At the Copper Mountain Iterative Methods conference this year, I heard a really good explanation of how preconditioners work, from a PhD student at the University of Manchester. (Thanks Richard!) He explained to me that one can think of a Krylov subspace method as polynomial interpolation of the spectrum of the matrix. Each time you do a matrix-vector multiply, you increase the polynomial's degree by one. (This gets more clear if you've seen the proof that conjugate gradients is optimal in the norm induced by the matrix.)

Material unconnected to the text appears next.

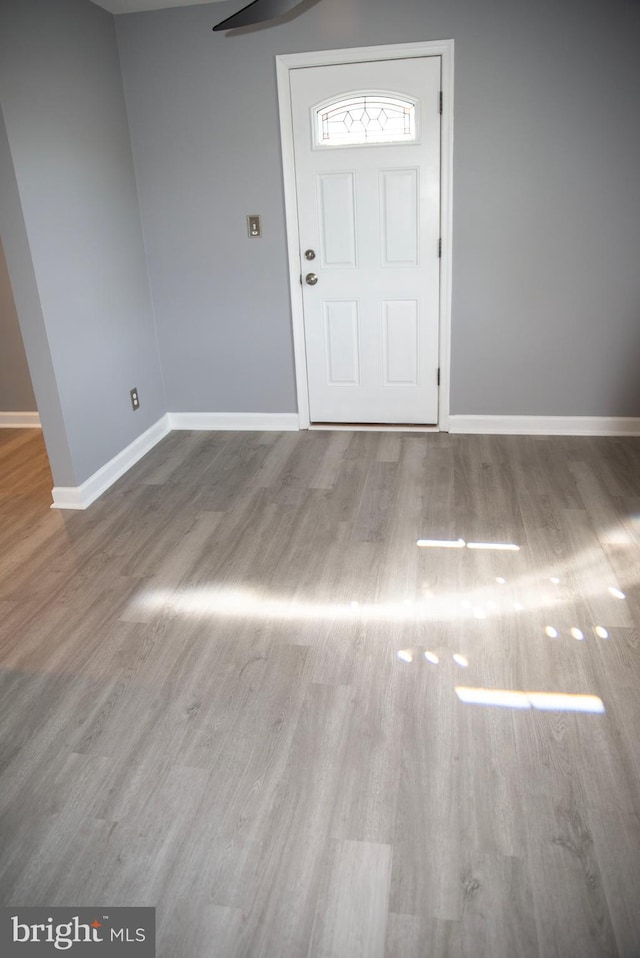 entrance foyer with hardwood / wood-style floors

If the matrix's eigenvalues are evenly distributed, it will get harder and harder to interpolate the spectrum, because of the Gibbs phenomenon. In contrast, if one eigenvalue is separated from the others, it's easy to interpolate that part of the spectrum accurately and "pick off" the separated eigenvalue. This is called "deflation." After this point, the Krylov method converges pretty much as if the separated eigenvalue wasn't there. This makes the goal of a good preconditioner clear: It should separate and cluster the eigenvalues (away from the origin), so that the Krylov method can pick off the clusters.
If I may also engage in some speculation, this perhaps also explains one reason why block preconditioners are popular in multiphysics solvers: they group together eigenmodes that are on similar scales, and separate unrelated eigenmodes. Of course, block preconditioning is the mathematical equivalent of encapsulation in the software engineering world: it lets you solve one problem at a time and then stitch together a combined solution out of the components. Mushing together all the subproblems into a single big problem loses the structure, whereas sparse linear algebra is all about exploiting structure.